Un agricultor entierra dos calzoncillos idénticos de algodón en su granja y demuestra que el suelo sano no es el que los conserva, sino el que se los come, lo que es más positivo para los ecosistemas
El hombre pretendía ver cómo los microbios que viven en el suelo descomponían estas prendas y ha demostrado las ventajas de regenerarlo y los perjuicios de ararlo.
El granjero Tim Scott tuvo la idea de enterrar dos pares de calzoncillos largos de algodón en la tierra de la granja Lark Rise, perteneciente al Countryside Regeneration Trust, en Barton, al sur de Cambridgeshire, Inglaterra. Se proponía hacer un experimento con el que pretendía observar cómo los microbios que viven en el suelo descompondrían estas prendas en tierras tratadas de diferentes maneras, según ha publicado Cambridge Independent.
Por un lado, enterró un ejemplar con un motivo de tractor verde en un campo donde no se había arado, se había sembrado directamente, lo que no remueve los primeros centímetros de tierra y, por lo tanto, mantiene la estructura del suelo, lo que significa que la vida microscópica que contiene no se ve alterada, ha contado el agricultor.
Tras dos meses, este pantalón había quedado completamente destrozado: prueba de que el suelo cultivado de forma regenerativa está sano. Sólo la cinturilla elástica del pantalón y la etiqueta permanecieron intactas.
Tim enterró un segundo par, idénticos salvo por un motivo de tractor rojo, en una franja de control del campo que se aró el año pasado tras varios años de agricultura regenerativa. Allí, el suelo se invirtió y los microbios se vieron alterados. Y la diferencia fue notable. Estos pantalones apenas se vieron afectados por los microbios del suelo. Tras un lavado rápido, Tim cree que incluso podría haberlos usado.
“No puedo creer la diferencia entre los dos pares de pantalones después de solo dos meses. Los microbios del campo de cultivo regenerativo literalmente se han comido mis pantalones”, dijo Tim. “El segundo par está intacto.

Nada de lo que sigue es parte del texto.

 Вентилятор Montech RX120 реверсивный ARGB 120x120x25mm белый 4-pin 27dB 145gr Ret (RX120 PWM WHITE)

Aré esa zona en febrero de 2022, lo que demuestra la gran diferencia que esa alteración ha supuesto para los microbios. Queremos que el suelo trabaje a nuestro favor, y esto demuestra que al ararlo estamos eliminando los microorganismos necesarios para crear un suelo sano".
Este experimento casero demuestra, según este agricultor, cómo el suelo cultivado de forma regenerativa y sin arar estaba lleno de vida y muy sano, lo cual es vital para el bienestar de los ecosistemas y beneficioso para el cultivo de nuestros alimentos, según este agricultor.
El Countryside Regeneration Trust, la organización a la que pertenece Tim Scott, es benéfica, administra 19 propiedades y trabaja para proteger, promover y regenerar la tierra y la vida que hay en ella, adoptando una visión holística de la vida silvestre, la producción de alimentos, el empleo, la economía y el desarrollo.
Los microorganismos desempeñan un papel fundamental en el ciclo de nutrientes, la descomposición y la promoción de plantas sanas. Un suelo sano también es menos propenso a la erosión, filtra el agua de forma más eficiente y captura carbono, lo que ayuda en la lucha contra el cambio climático. Por el contrario, arar la tierra repetidamente es un desastre, destaca Scott.